Celâleddin el-Mizzî: "Hâfız, bildiği râvîlerin sayısı bilmediğinden çok olandır" şeklinde tarif eder.
İbn Seyyidi'n-Nâs' ise şöyle tanımlar: "Kendi üstadlarını ve üstadlarının üstadlarını tabaka tabaka bilen ve her tabakada bildiği bilmediğinden çok olandır."

Hadis hâfızlarında bazı özellikler aranmaktadır: Allah Rasûlü'nün sünnetlerini bilmek; yollarına vâkıf olmak; isnadları birbirinden ayırma yeteneğine sahip olmak; sıhhatlerinde ittifak edilen ve nakillerinde ihtilâf edilen sünnetleri ezberlemek; müdrec lâfızları tanımak; hadiste geçen ifadeden râvinin sahâbe veya tâbiînden olduğunu anlamak.

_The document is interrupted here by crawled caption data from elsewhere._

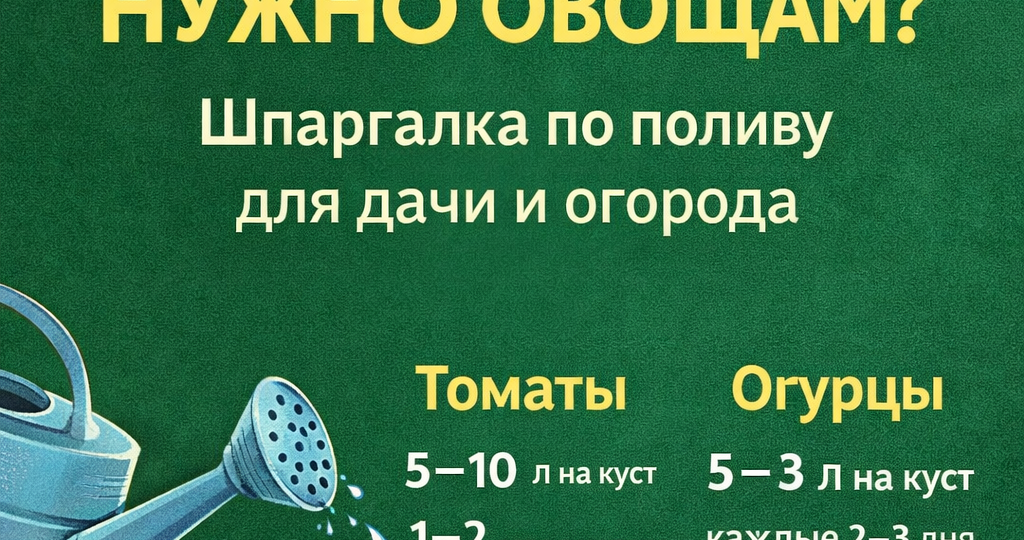 СКОЛЬКО ВОДЫ НУЖНО ОВОЩАМ? Шпаргалка по поливу для дачи и огорода Сохраняйте, чтобы не переливать и не пересушивать растения
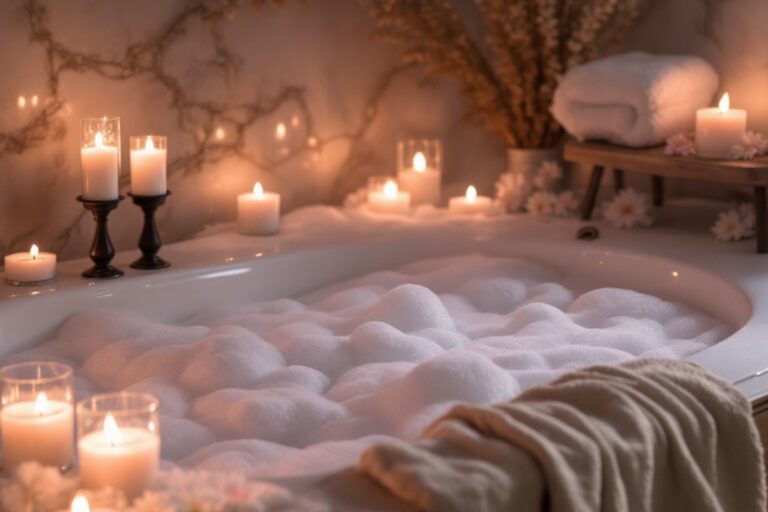 Aprenda a criar um banho relaxante no seu banheiro, transformando-o em um spa pessoal com sais, velas e a música certa para desestressar.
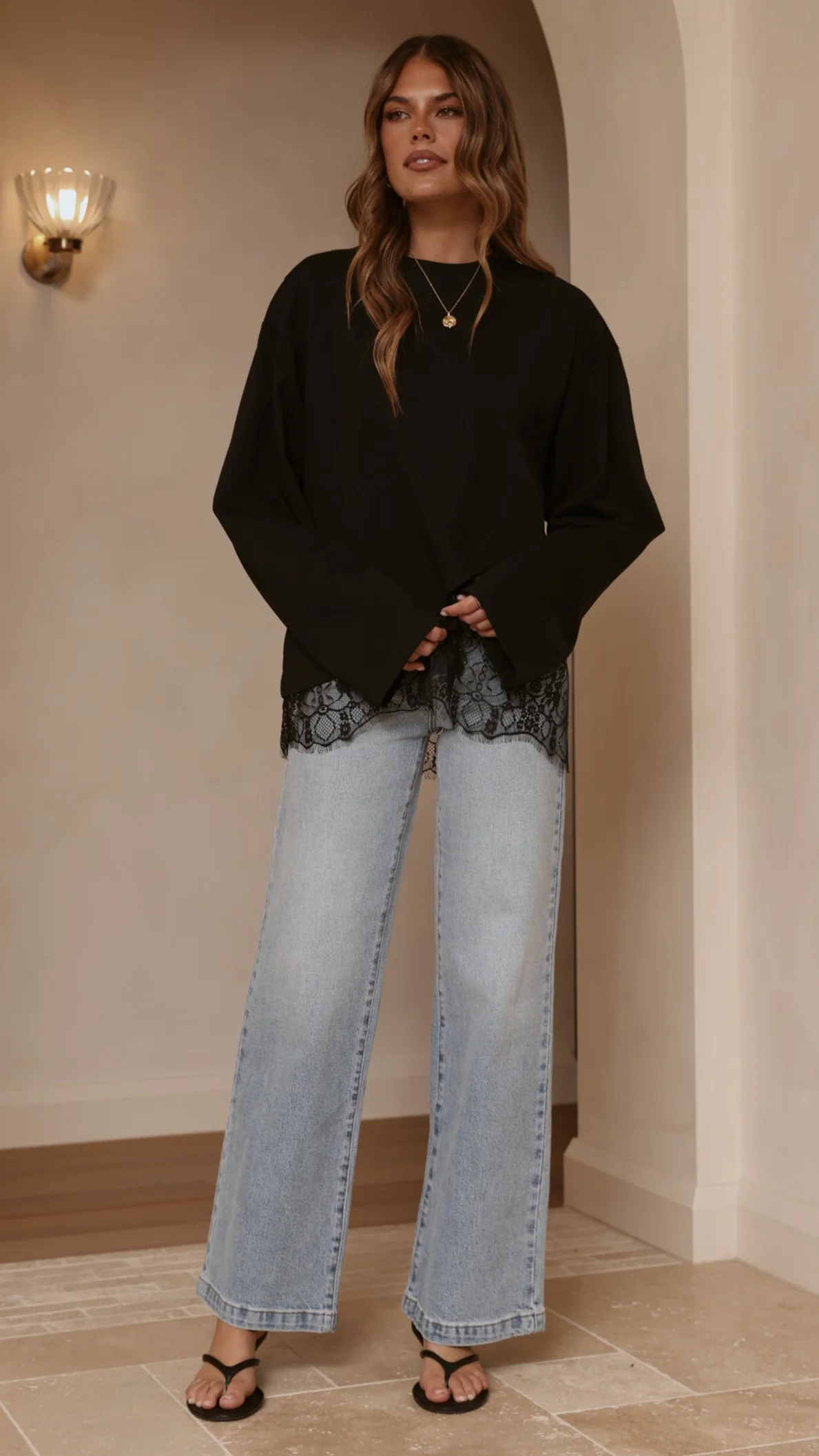 Javi Long Sleeve Lace Top - Black - Image 6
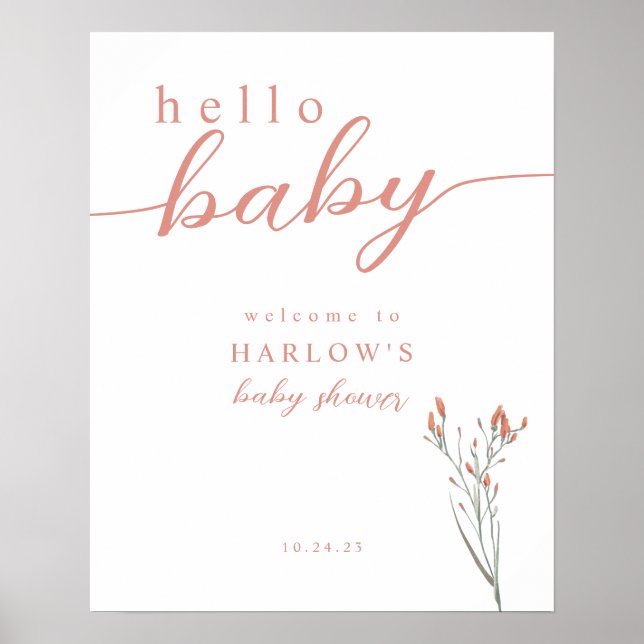 Välkomsttecken för Wildblomme Hej Baby Baby Shower Poster (Framsidan)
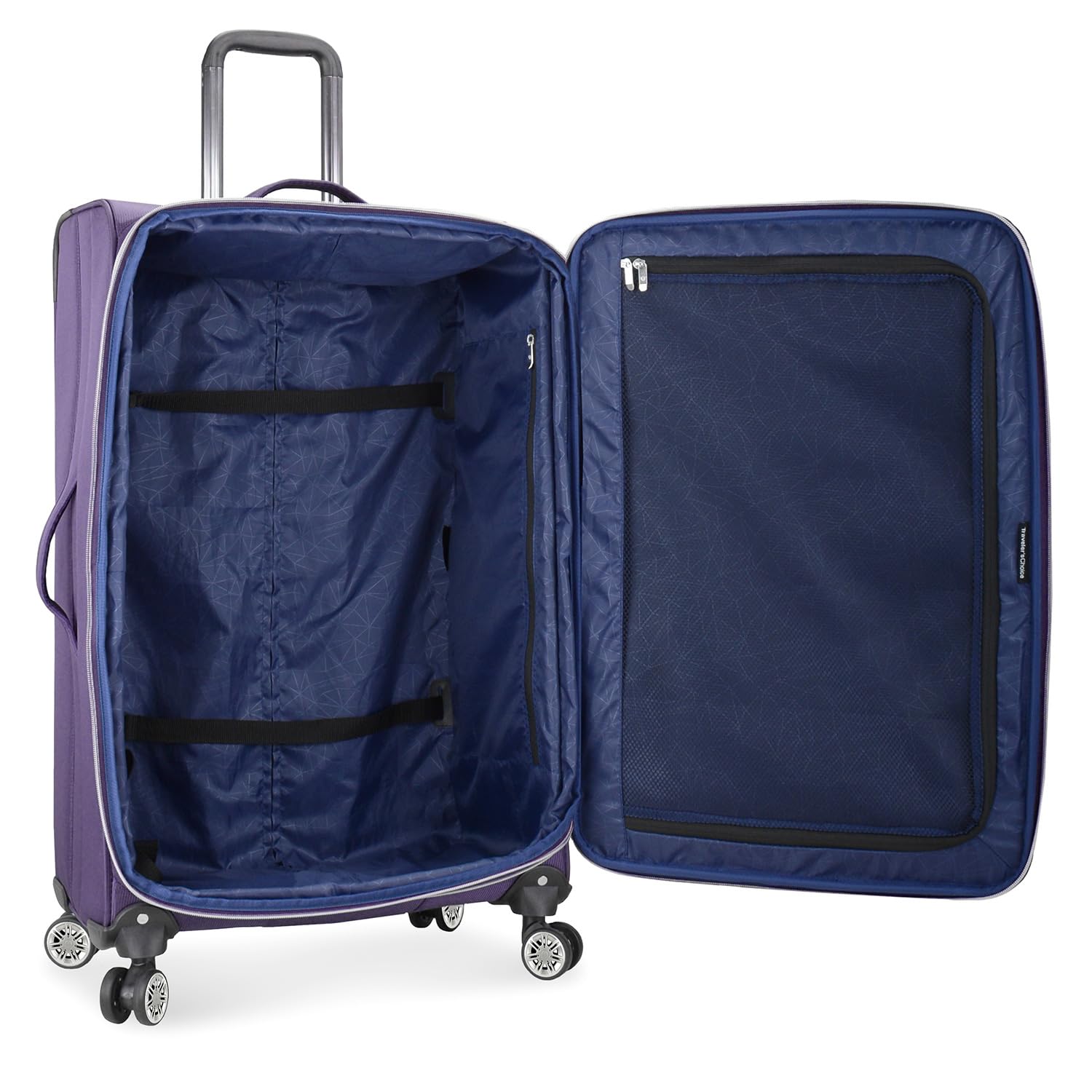 Traveler's Choice Lares Softside Expandable Luggage with Spinner Wheels, Purple, Checked 30-Inch
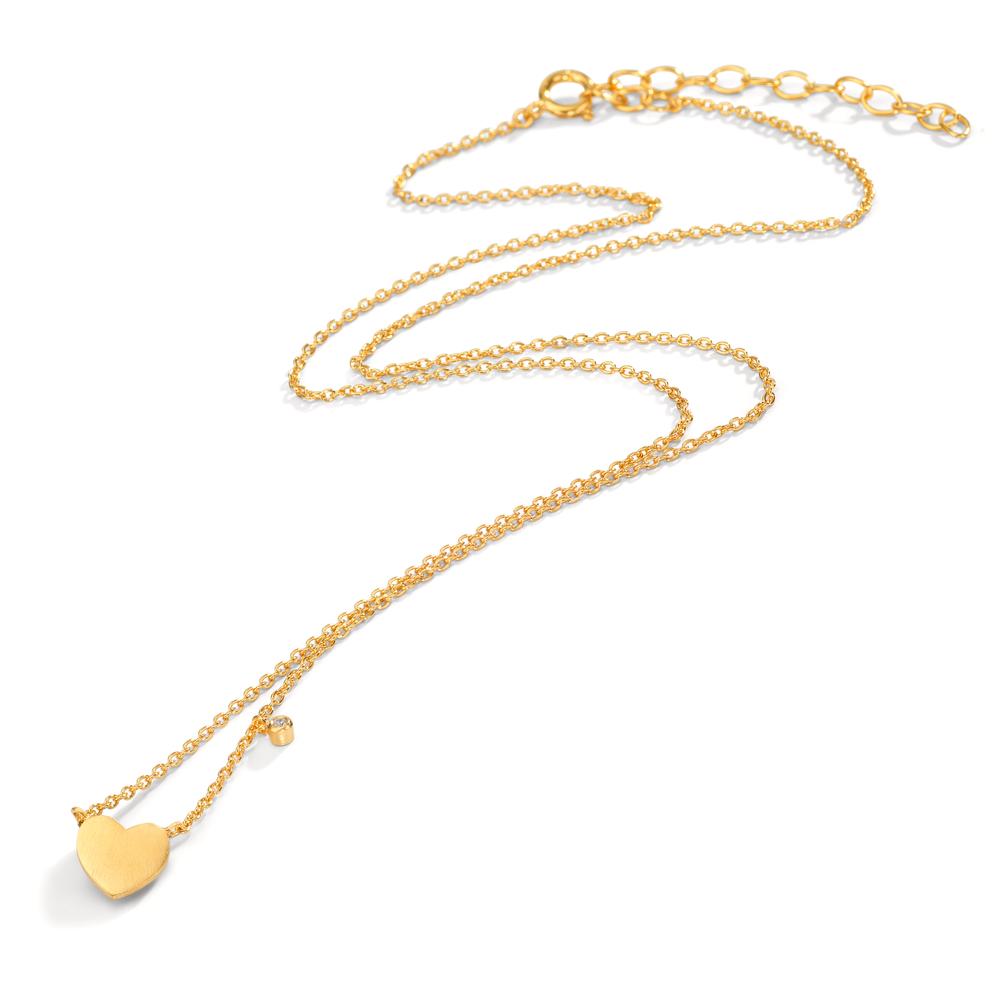 Collier Zilver Zirkonia wit Geel Verguld Hart 42-47 cm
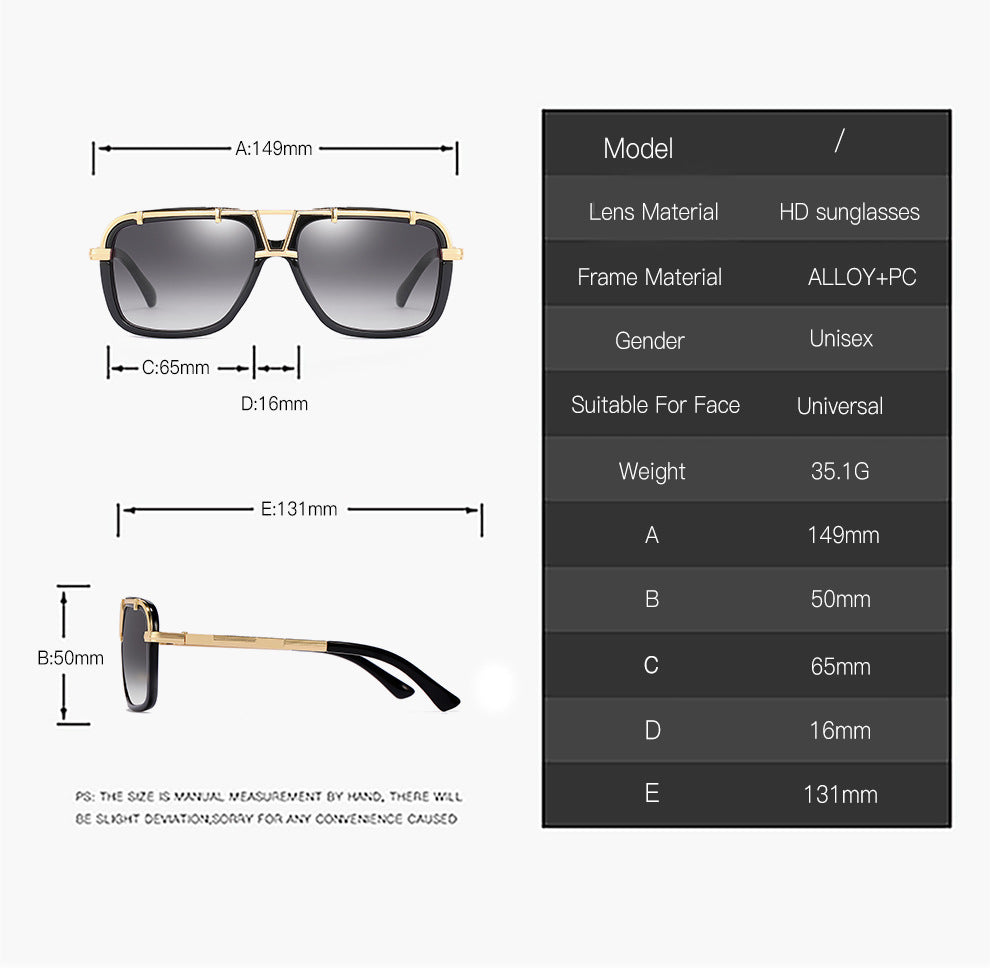 Unisex Box Frame Sunglasses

Hadis tenkitçileri, hâfızlarda aranan özelliklerin zorluğuna dikkat çekerek her devirde çok az hâfızın olacağını hatta olamayacağını belirtmişlerdir.
Hâfızların ezberlemeleri gerekli olan hadislerin sayısı hakkında da tam bir görüş birliği yoktur. Hâfızın en az yirmi bin hadîsi ezbere bilmesi gerektiği zikredilmektedir. Bu sayı bazılarına göre ikiyüz bindir. Bu konuda kesin bir rakam vermek mümkün olmamakla beraber hâfızların bilmeleri gereken hadîs sayısının yüzotuz bin ile. yediyüz ellibin arasında olduğu belirtilmektedir.
Abdurrahman b. Mehdî (öl. 198), İbn Ebî Şeybe (öl. 235), İbn Asâkir (öl. 571), Abdullah b. Abdurrahman ed-Dârimî (öl. 255), İbn Ebî Hâtim er-Râzî (öl. 327), İbn Abdi'l-Berr (öl. 463) belli başlı hâfızlardandır.
Ayrıca kütüphanelerde okuyuculara aradığı kitabı veren ve kitaplarla ilgili sorumluluğu olan kitapları koruyan kişilere de "hâfız-ı kütüb" adı verilirdi.